Extracted records:
----

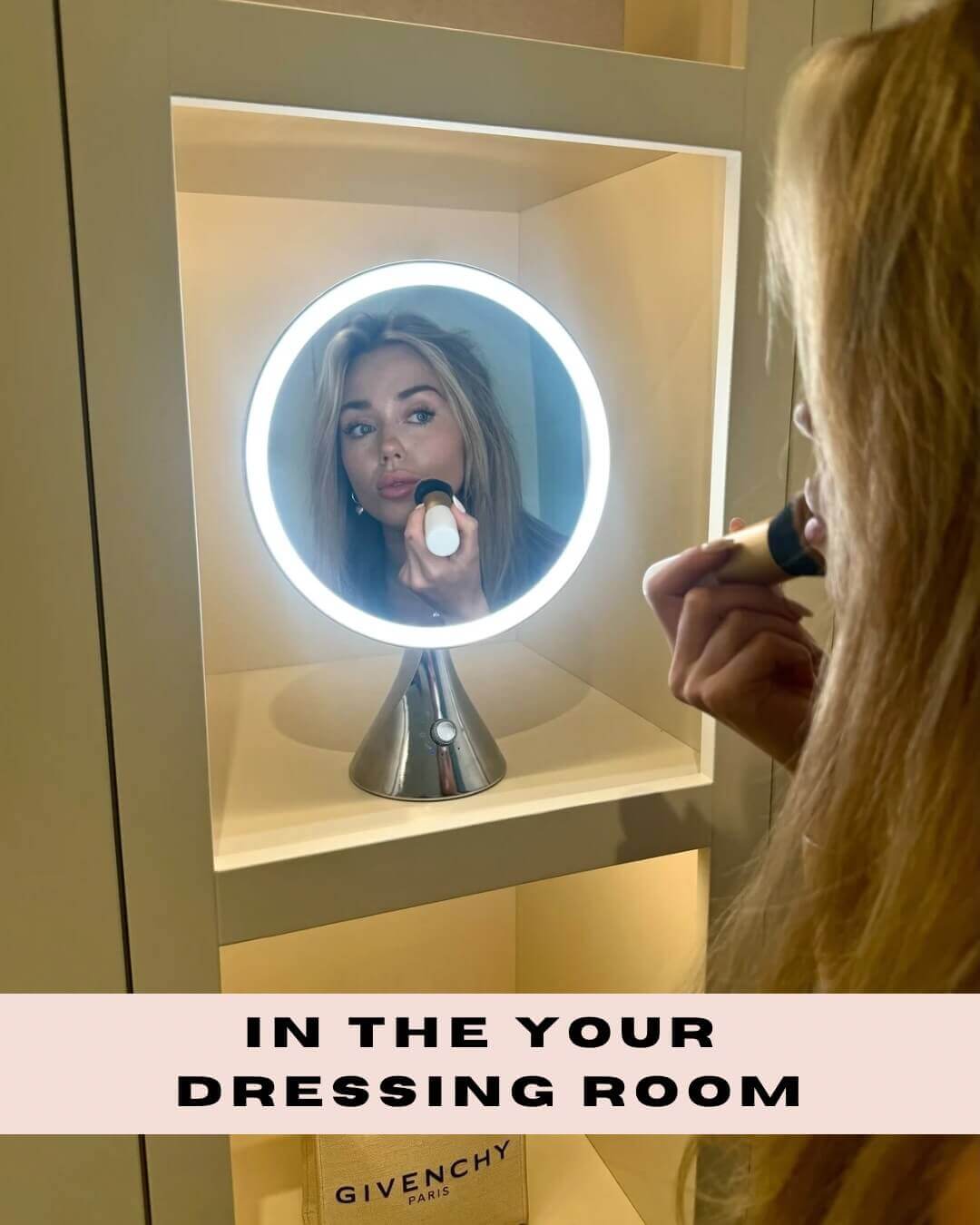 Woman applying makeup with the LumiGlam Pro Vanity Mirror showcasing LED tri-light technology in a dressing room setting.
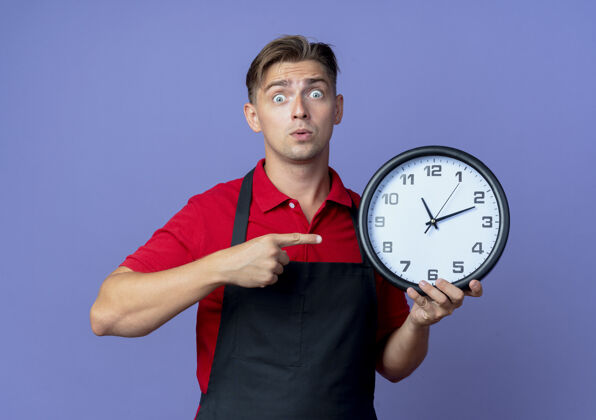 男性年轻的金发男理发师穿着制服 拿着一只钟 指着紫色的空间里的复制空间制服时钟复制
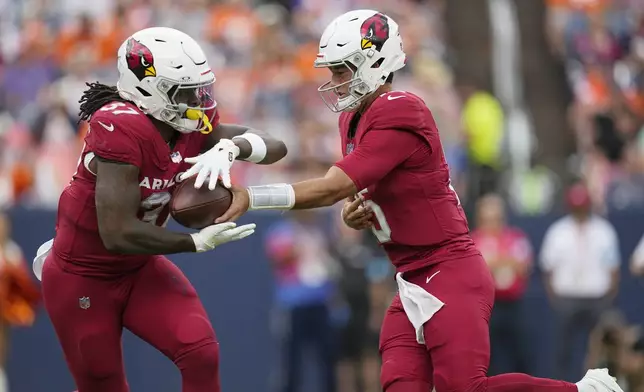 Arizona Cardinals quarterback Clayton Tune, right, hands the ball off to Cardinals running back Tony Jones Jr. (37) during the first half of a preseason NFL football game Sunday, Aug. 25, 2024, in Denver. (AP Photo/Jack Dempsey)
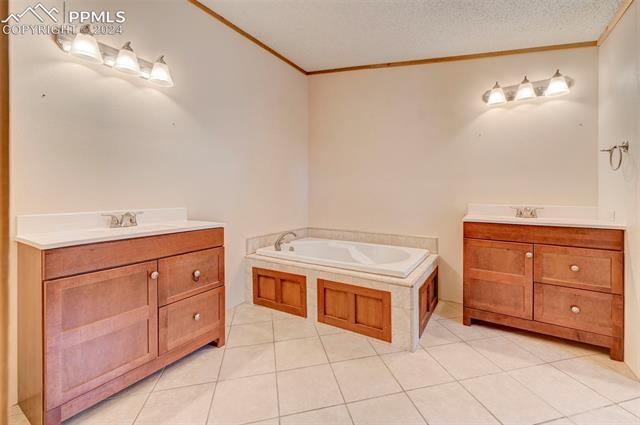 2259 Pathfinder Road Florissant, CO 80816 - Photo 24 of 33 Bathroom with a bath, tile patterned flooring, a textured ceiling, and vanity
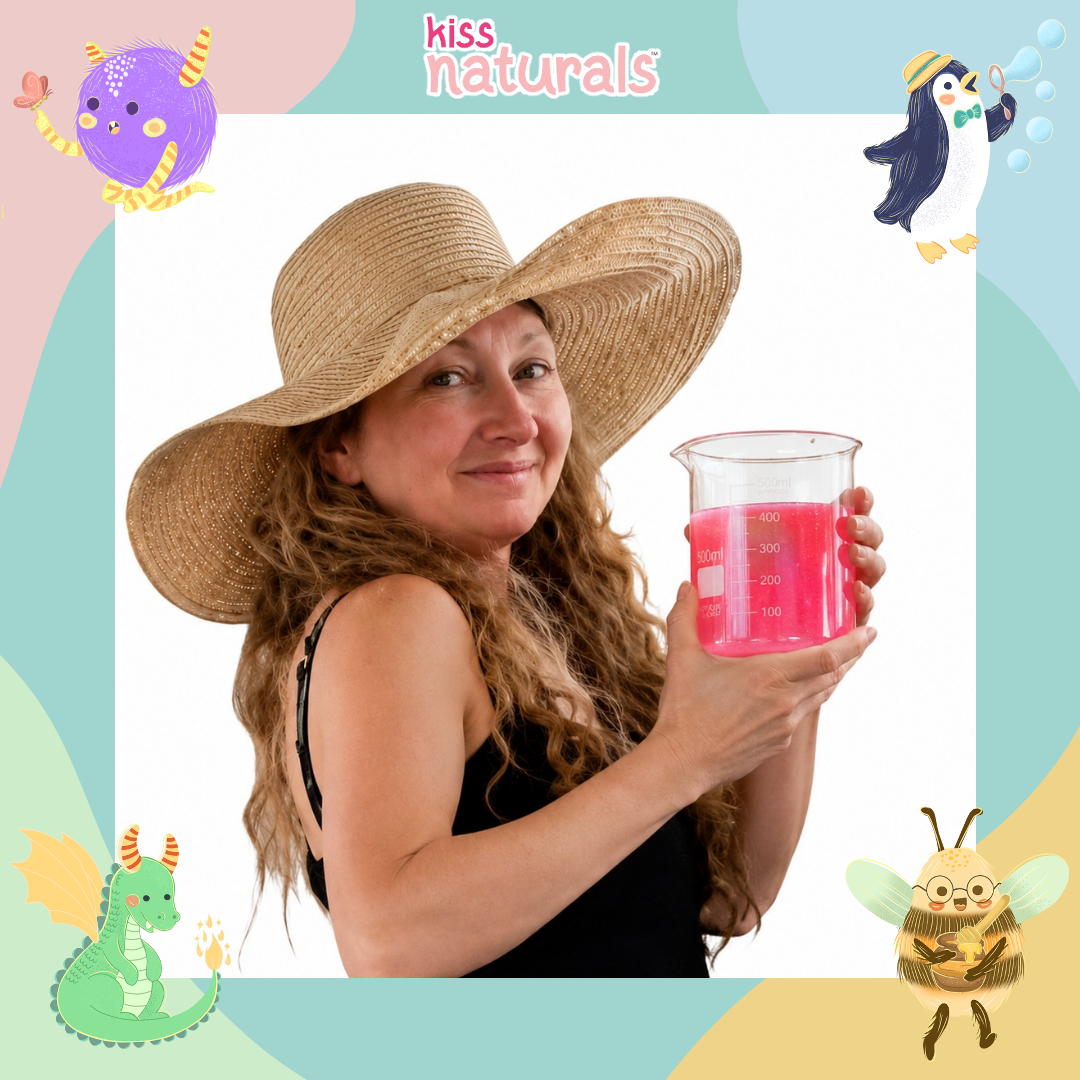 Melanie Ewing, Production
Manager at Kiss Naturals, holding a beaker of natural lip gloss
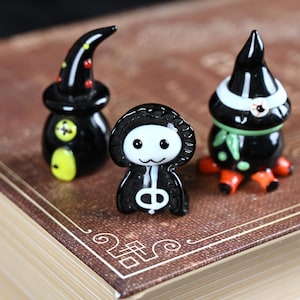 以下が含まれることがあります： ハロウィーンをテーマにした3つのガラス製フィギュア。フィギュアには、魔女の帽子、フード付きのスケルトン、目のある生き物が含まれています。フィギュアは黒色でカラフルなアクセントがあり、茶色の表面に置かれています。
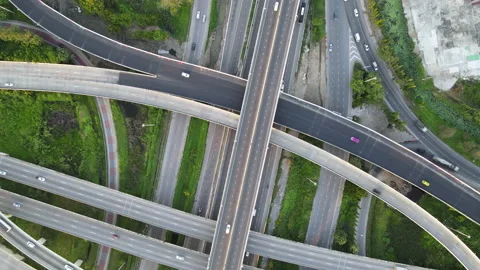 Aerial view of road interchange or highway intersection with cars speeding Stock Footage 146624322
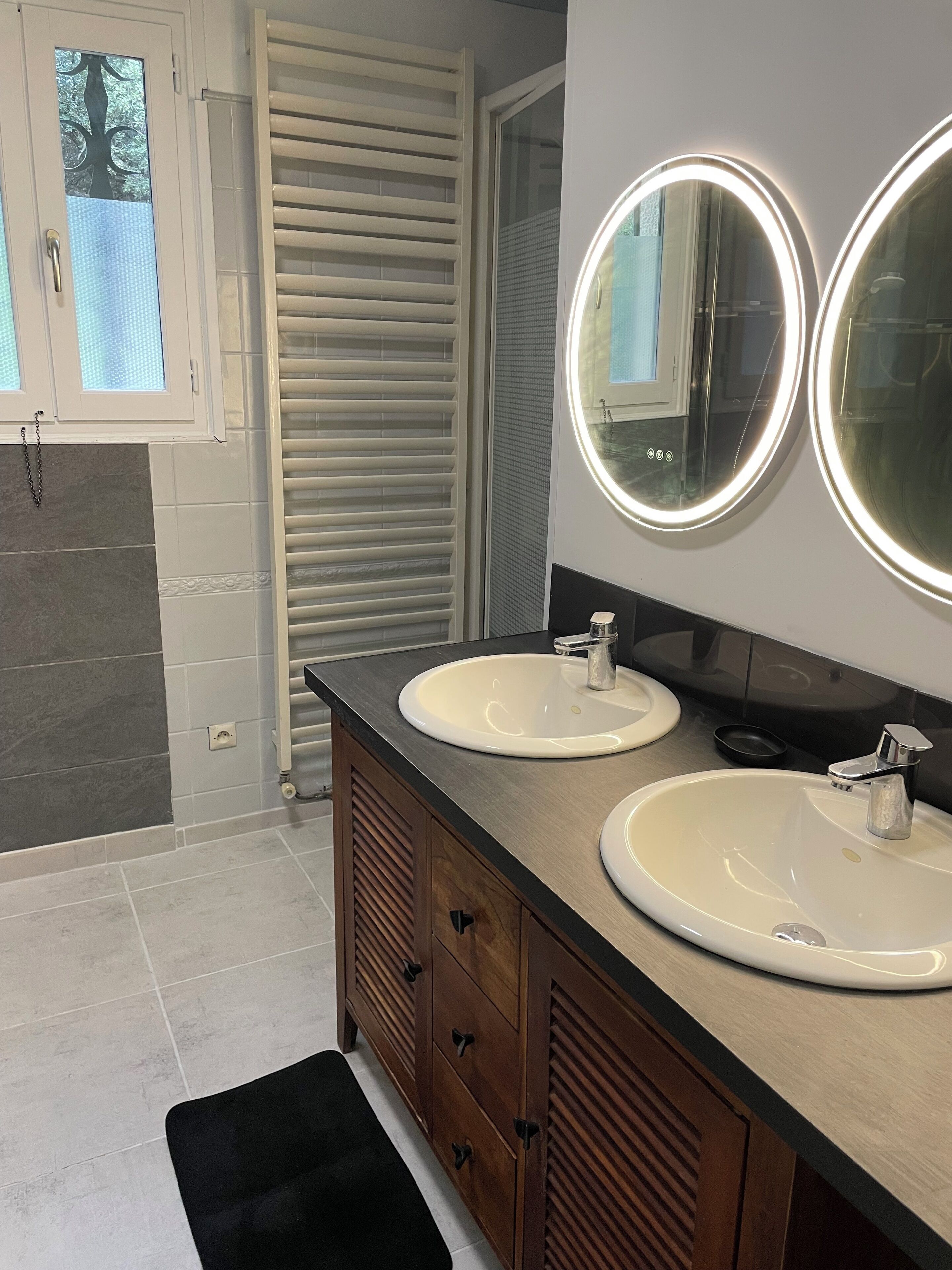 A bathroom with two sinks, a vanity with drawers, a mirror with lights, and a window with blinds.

----

Exercise objective: Nothing but the lines from the one with "Melanie Ewing, Production" through the last line of the records should appear in your answer, each exactly as written and without pictures.

Exercise output:
 Melanie Ewing, Production
Manager at Kiss Naturals, holding a beaker of natural lip gloss
 以下が含まれることがあります： ハロウィーンをテーマにした3つのガラス製フィギュア。フィギュアには、魔女の帽子、フード付きのスケルトン、目のある生き物が含まれています。フィギュアは黒色でカラフルなアクセントがあり、茶色の表面に置かれています。
 Aerial view of road interchange or highway intersection with cars speeding Stock Footage 146624322
 A bathroom with two sinks, a vanity with drawers, a mirror with lights, and a window with blinds.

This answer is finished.